The preacher - Jim Casy - has got to be one of my favorite characters in this entire book. I like Tom, too, but not as much as I like Jim, and this is why.

For starters, his enthusiasm and excitement for all the new ideas he thinks about and comes up with is contagious. It makes me want to be enthusiastic about things (which I already am very enthusiastic, so you can imagine how he makes me feel), and I love characters that make me want to do things. I kind of relate to Casy in this way, and also in the way that he thinks deeply about things.
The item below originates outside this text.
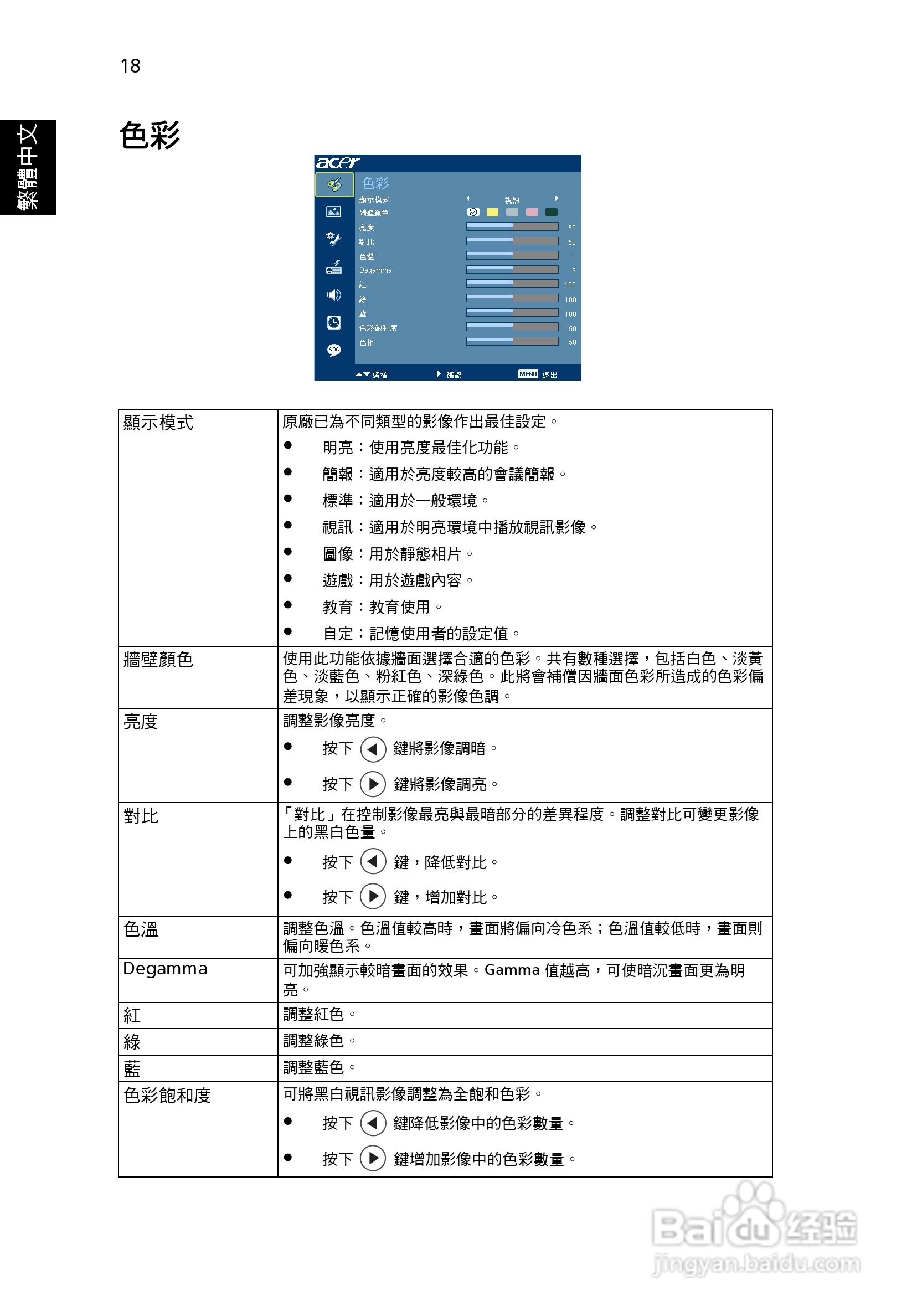 宏基H110投影机使用说明书:[3]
I'm a pretty religious person, but my mind also tends to wander to other possibilities like Casy's does (only I don't change my views very much or very often, I just think about it). Deep thinking is a forte for both of us, and it makes him easier to like.
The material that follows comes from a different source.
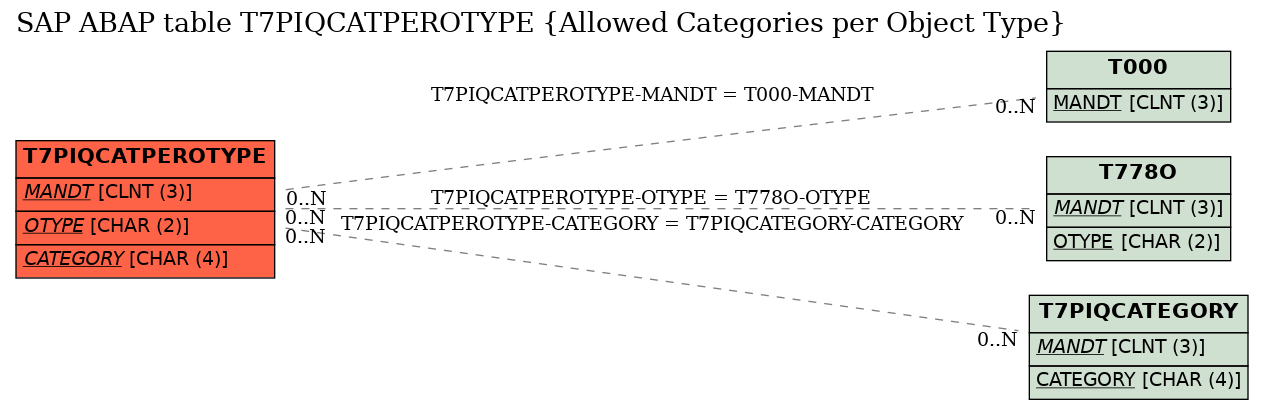 E-R Diagram for table T7PIQCATPEROTYPE (Allowed Categories per Object Type)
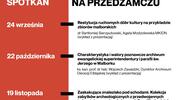Czwartki na Przedzamczu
I also like how he tends to bring the conversations he has always back to the main thing he is thinking about. In this chapter, for instance, Tom continually tries to talk about other things, but Casy always manages to bring the subject back to his time as a preacher and his new outlook on life. I tend to do this as well, and frankly, when he continued to do this in the chapter, I kind of laughed a little bit.

If there is one thing I don't like about Casy, though, it is his appearance. That's kind of shallow, but I like his personality, so I guess it isn't. He just sounds really, really, unattractive. Steinbeck describes him as having "a long head, bony, tight of skin, and set on a neck as stringy and muscular as a celery stalk." Maybe it's just my dislike of celery biasing my opinion there, but whatever. It goes on to say that his eyes are "heavy and protruding" and his nose is "beaked and hard" and stretches the skin "so tightly that the bridge showed white." His forehead is "abnormally high... lined with delicate blue veins at the temples."

Yeah, not the most attractive person. I still love him though!